Only the lines from the one containing "Francaix, J.: Trio" to the end of the material belong in your answer. Please copy them word for word.

(THE DATA)

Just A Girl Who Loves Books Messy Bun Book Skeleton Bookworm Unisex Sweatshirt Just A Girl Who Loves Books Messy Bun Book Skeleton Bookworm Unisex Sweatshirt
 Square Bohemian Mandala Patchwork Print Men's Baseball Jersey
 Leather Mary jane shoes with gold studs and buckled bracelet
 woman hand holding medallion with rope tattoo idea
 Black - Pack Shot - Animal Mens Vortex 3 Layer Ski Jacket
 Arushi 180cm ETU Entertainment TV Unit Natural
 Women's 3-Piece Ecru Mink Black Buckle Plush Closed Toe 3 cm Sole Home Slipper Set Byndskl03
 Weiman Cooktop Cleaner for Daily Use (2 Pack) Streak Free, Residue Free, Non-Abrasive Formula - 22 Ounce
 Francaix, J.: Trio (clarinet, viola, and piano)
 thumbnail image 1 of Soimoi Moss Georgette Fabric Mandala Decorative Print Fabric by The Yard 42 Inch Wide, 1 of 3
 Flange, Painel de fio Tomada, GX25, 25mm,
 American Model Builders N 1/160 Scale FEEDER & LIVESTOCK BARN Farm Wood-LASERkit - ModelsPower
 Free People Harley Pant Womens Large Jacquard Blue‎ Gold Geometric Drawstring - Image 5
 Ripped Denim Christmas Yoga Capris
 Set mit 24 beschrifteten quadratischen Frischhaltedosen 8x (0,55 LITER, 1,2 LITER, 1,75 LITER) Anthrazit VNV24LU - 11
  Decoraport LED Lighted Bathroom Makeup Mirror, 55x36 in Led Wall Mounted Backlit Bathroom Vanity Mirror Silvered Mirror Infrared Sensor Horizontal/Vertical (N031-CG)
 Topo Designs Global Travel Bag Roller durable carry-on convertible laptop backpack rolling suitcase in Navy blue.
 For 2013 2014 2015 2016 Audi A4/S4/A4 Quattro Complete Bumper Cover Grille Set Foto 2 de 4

(End THE DATA)

**ANSWER TO THE EXERCISE:**
 Francaix, J.: Trio (clarinet, viola, and piano)
 thumbnail image 1 of Soimoi Moss Georgette Fabric Mandala Decorative Print Fabric by The Yard 42 Inch Wide, 1 of 3
 Flange, Painel de fio Tomada, GX25, 25mm,
 American Model Builders N 1/160 Scale FEEDER & LIVESTOCK BARN Farm Wood-LASERkit - ModelsPower
 Free People Harley Pant Womens Large Jacquard Blue‎ Gold Geometric Drawstring - Image 5
 Ripped Denim Christmas Yoga Capris
 Set mit 24 beschrifteten quadratischen Frischhaltedosen 8x (0,55 LITER, 1,2 LITER, 1,75 LITER) Anthrazit VNV24LU - 11
  Decoraport LED Lighted Bathroom Makeup Mirror, 55x36 in Led Wall Mounted Backlit Bathroom Vanity Mirror Silvered Mirror Infrared Sensor Horizontal/Vertical (N031-CG)
 Topo Designs Global Travel Bag Roller durable carry-on convertible laptop backpack rolling suitcase in Navy blue.
 For 2013 2014 2015 2016 Audi A4/S4/A4 Quattro Complete Bumper Cover Grille Set Foto 2 de 4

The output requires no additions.